The Energy Institute at the University of Texas is set to conduct the first integrated study of the science, policy and environmental issues surrounding hydraulic fracturing to recover shale gas at a cost of $300,000, with preliminary findings expected to be released in October. This project aims to combine an independent assessment of groundwater contamination, fugitive air emissions and seismic events for which fracking has been blamed in shale formations, and to evaluate the effectiveness of legal regulations attendant to the process, focussing on Barnett Shale, which extends under over 20 counties in North Texas . The Environmental Protection Agency is conducting its own investigation with results expected after the end of the year 2012.

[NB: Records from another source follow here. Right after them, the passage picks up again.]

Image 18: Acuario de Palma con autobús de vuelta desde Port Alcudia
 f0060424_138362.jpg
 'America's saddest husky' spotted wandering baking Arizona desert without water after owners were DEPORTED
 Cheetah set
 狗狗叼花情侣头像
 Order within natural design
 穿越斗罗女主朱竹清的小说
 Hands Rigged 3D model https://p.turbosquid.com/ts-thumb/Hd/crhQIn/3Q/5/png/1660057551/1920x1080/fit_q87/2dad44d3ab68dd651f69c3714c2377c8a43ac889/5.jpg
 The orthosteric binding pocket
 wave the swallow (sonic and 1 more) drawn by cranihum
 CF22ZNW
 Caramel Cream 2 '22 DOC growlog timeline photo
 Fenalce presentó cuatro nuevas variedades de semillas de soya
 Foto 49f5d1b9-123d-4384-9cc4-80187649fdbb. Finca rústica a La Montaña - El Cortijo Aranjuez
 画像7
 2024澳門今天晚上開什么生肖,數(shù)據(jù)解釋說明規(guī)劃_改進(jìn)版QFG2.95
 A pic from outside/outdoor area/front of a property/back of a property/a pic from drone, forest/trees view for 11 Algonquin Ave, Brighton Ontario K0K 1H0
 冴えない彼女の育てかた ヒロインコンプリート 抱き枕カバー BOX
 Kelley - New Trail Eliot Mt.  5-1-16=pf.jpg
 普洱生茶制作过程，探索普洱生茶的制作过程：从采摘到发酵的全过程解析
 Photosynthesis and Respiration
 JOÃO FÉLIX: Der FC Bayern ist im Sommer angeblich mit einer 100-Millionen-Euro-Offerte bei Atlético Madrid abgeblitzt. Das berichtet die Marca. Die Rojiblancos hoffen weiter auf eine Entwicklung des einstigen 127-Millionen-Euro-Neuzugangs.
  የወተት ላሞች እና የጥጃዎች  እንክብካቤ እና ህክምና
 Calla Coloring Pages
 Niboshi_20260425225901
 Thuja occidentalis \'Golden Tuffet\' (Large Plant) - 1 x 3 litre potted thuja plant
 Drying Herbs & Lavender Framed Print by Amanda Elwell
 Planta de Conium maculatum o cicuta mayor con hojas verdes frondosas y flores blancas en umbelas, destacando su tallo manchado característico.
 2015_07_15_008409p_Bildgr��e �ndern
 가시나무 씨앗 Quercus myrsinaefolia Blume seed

The overall conclusions of these studies could not be more crucial to future US energy provision. Production of shale-gas was 2.02 trillion cubic feet (Tcf) in 2008: a 71% increase over the previous year, which in 2009 grew 54% to 3.11 Tcf. Proven US shale reserves at the end of 2009 were observed to increase by 76% to 60.6 Tcf. In its Annual Energy Outlook for 2011, the US Energy Information Administration (EIA) more than doubled its estimate of technically recoverable shale-gas reserves to 827 Tcf from 353 Tcf, by including exploration data taken from new fields such as the Marcellus, Haynesville and Eagle Ford shales. It is estimated that shale-gas production will increase from 14% of total US natural gas production in 2009 to 45% by 2035. But this of course depends on whether the process of hydraulic fracking is proved sufficiently safe to be so widely adopted.